21.91 million shares of Apple were traded yesterday. That is $14,460,600,000 moving around. [1]

Now you must adjust down for HFT traders, market makers, option hedgers, futures guys and anyone else who trades massive amounts of stock each and every day. My rule of thumb is ~10% actually moves hands (rather than just being moved around).

So now we are at $1,460,600,000. Only $1.5 billion dollars actually moved around yesterday. If you had $1.5 billion dollars yesterday you could've controlled the "market cap/valuation" of 1 billion shares and half a trillion in value.

You can control the market cap of anything utilising the fact that valuation uses multiplicative leverage on stuff that doesn't exist yet. [2][3] Indeed - all those teengers you see in college at age 11? Way overvalued - come and check back in 10 years. Fallacy of exponential growth runs rampant through most of finance, and teenage "prodigies". [4]

Basically with only $1.5 billion you could control the value of $500 billion dollars worth of assets - on any one day - that's it. This is how you get bubbles. This is how you can have stock market booms and busts.

Valuation leverage allows you to bid up prices for any stock using less than 2% in actual value, selling to the next tulip buyer whenever they come in trading. [5] If you had to use 100% cash - well there just ain't enough to go around my friends!

Startups?

Invest $20K just like YC does, valuing a company at $1 million - pre-product and sometimes even pre-team! The million dollars just ain't there yet - but everybody - look yonder - valuation and investor interest over the horizon!

Venture Funds?

Instagram received a $50 million cash injection which valued it at a cool $500+ million - pre-revenue. $500 million in cash wasn't actually in the coffers (or on the horizon) but Facebook look - just look - at our valuation/predicted growth - you gotta buy us out (with cash of course). And double the price while you're at it.

~2% of the world's value actually exchanged hands yesterday on the world markets.

~0.5% of market participants actually moved the prices that the rest of the world was priced at.

Hold ~2% of the world - and control it all.

Valuation is bullshit - it's like leverage without the cost of capital.

Sources:

[1] - https://www.google.com/finance?client=ob&q=NASDAQ:AAPL

[2] - https://en.wikipedia.org/wiki/Valuation_(finance)

[3] - https://en.wikipedia.org/wiki/Leverage_(finance)

[4] - http://xkcd.com/605/

[5] - https://en.wikipedia.org/wiki/Market_capitalization




I'm not so sure that temporarily changing the market cap of apple really would count as controlling it.

It's like saying: I can jump on the field at a Yankee game and "control" 50k spectators and 50m viewers.

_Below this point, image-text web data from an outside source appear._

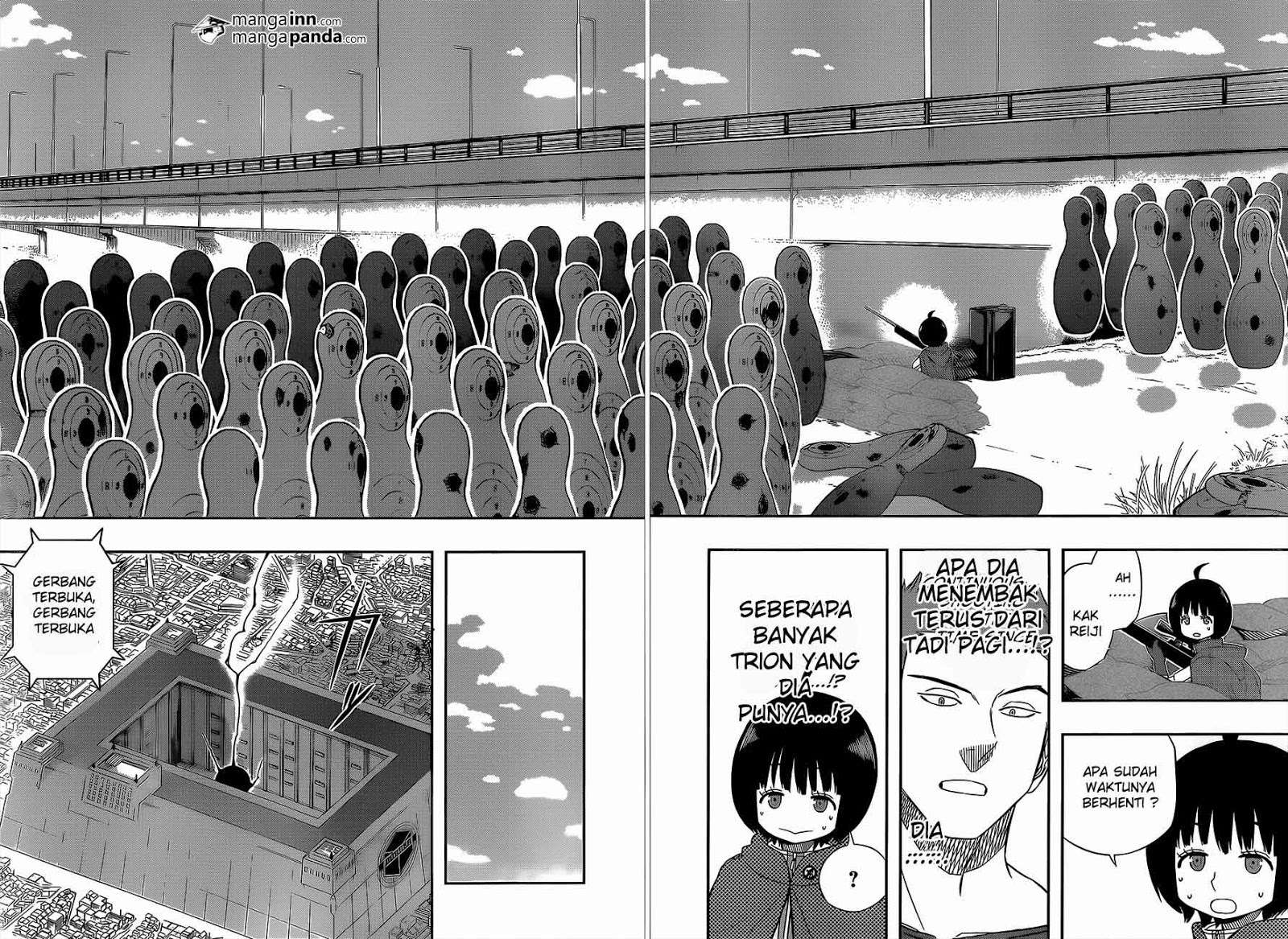 World Trigger Chapter 23 page 14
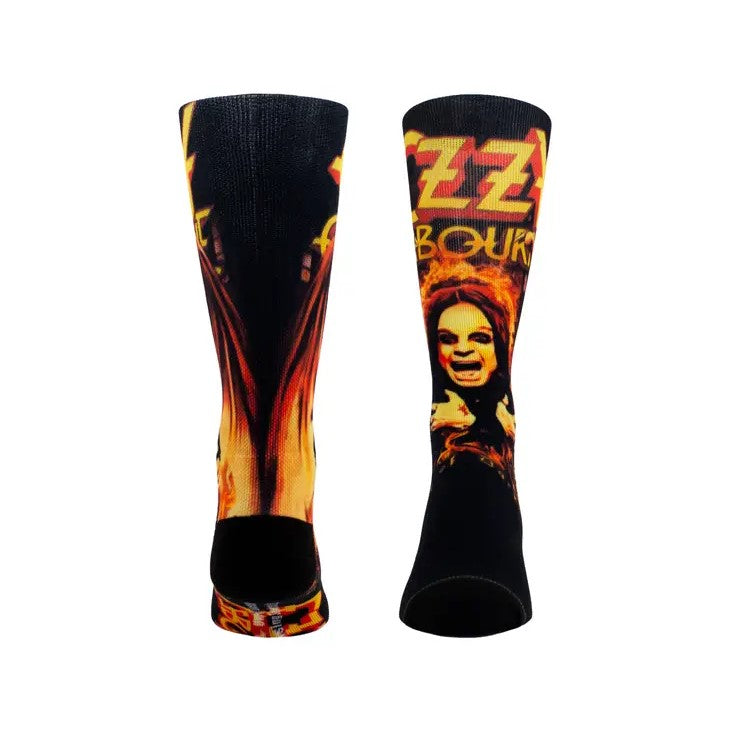 Picture of Ozzy Osbourne Crew Socks, Black/One Size
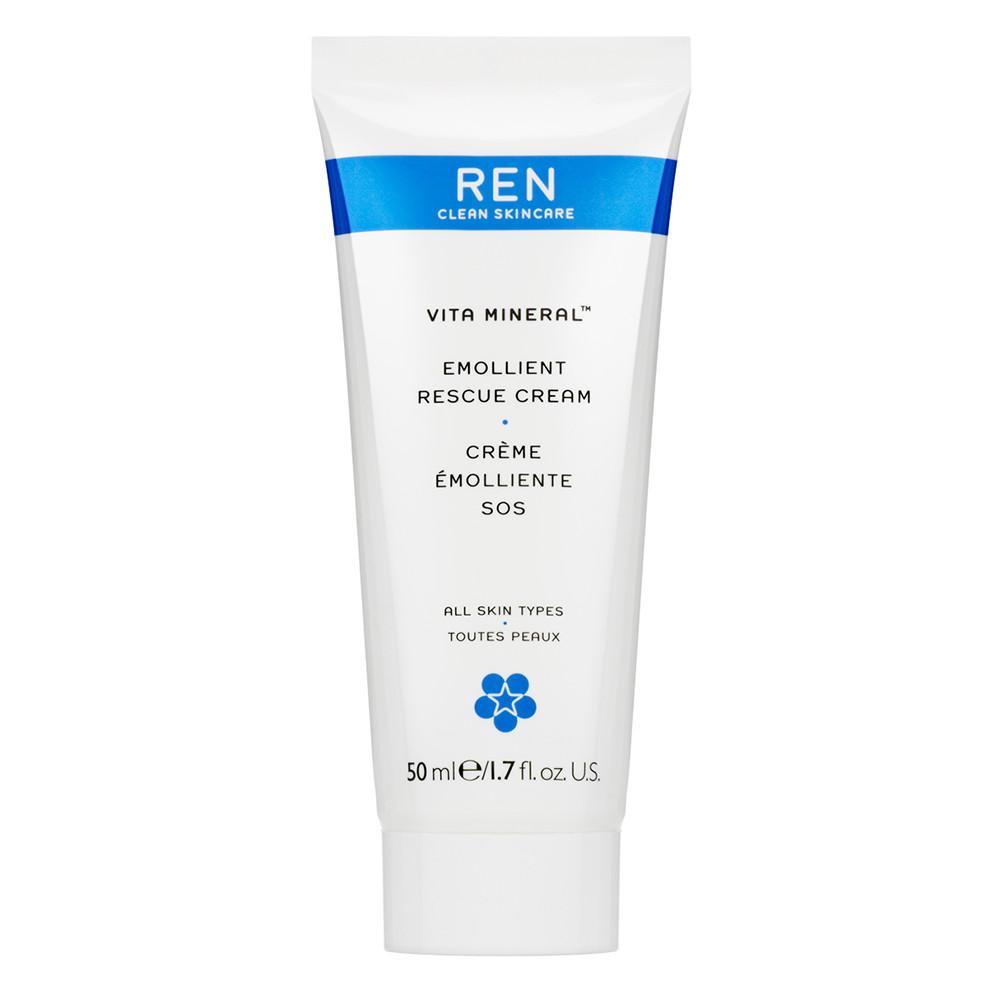 Ren Clean Skincare: Vita Mineral Emollient Rescue Cream - 1.7 oz Miracle for Dry Skin!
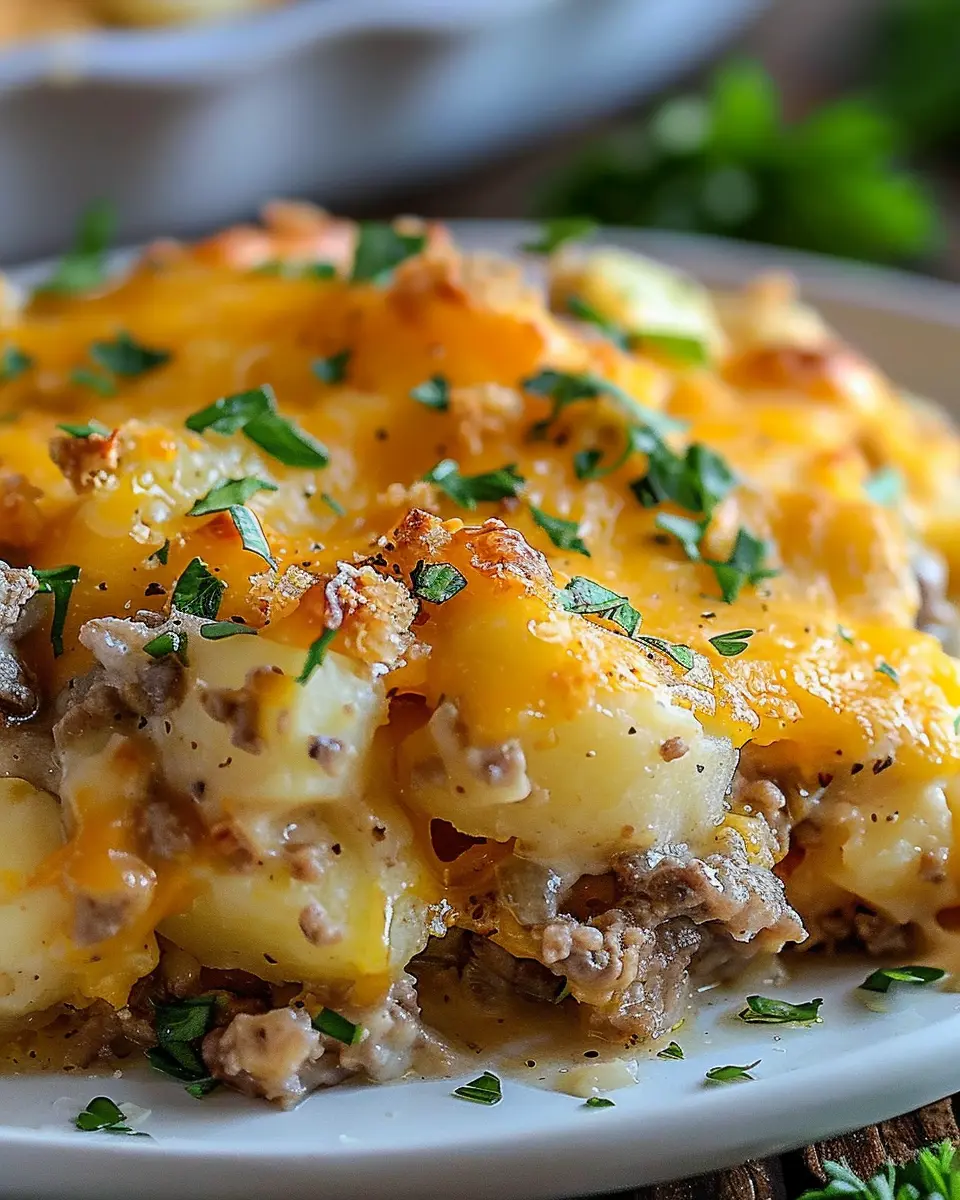 Slow Cooker Cowboy Potato Casserole: Your New Go-To for Hearty Weeknight Meals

You may influence them for about a second, but the farther you try to bring the situation from the market's desire, the quicker you'll be corrected.

Sinking 1b into selling apple short would make a small, temporary dent in their market cap.

If you think something is overvalued, you should sell it short. If you think ycombinator companies are overvalued, you should contact the investors and give them odds against the ycombinator startups successes, and it would be in their best interest to take you up on it as a hedge.

In general terms, if you claim to have knowledge of a mispriced asset, there always is an implied economic action you should take to make money off of your unique knowledge.


You ignore the effect of feedback loops. You are also making the fallacy of reification (market doesn't want anything).

They key part to this lesson is that valuations are essentially arbitrary (not about market manipulation - although market dynamics are an interesting subject). Take no stock in them (pun intended) - just like you should ignore the predictions of pundits.

The following examples exemplify the meaninglessness of valuations:

If I had a kid, he/she would be worth more to me than anything else in this world. But as much as I'd adore him/her - he/she ain't worth jack to anyone else. If I'm dying of dehydration - the next cup of water is worth most of my future earnings. If I just had a glass - it's worth next to nothing. Dying because a fire is burning and you're running out of air? Oxygen tank would be pretty handy right about now. Got enough oxygen? Pfft don't need your tank.

Valuations are and will continue to be meaningless.

> try to bring the situation from the market's desire

I doubt it - you need regulatory agents to rein it in (security). Also - you are making the fallacy of reification right here.

Otherwise - it's a free for all.

Audiences love that stuff.

PS: Shorting a billion in Apple would seriously depress its price as feedback pulls in (stop losses and latent short orders) - and if you hook it up to another one - like say a debt crisis - well now you have some fun on your hands.

Also your name reminds me of that dancing monkey problem I must write about some day.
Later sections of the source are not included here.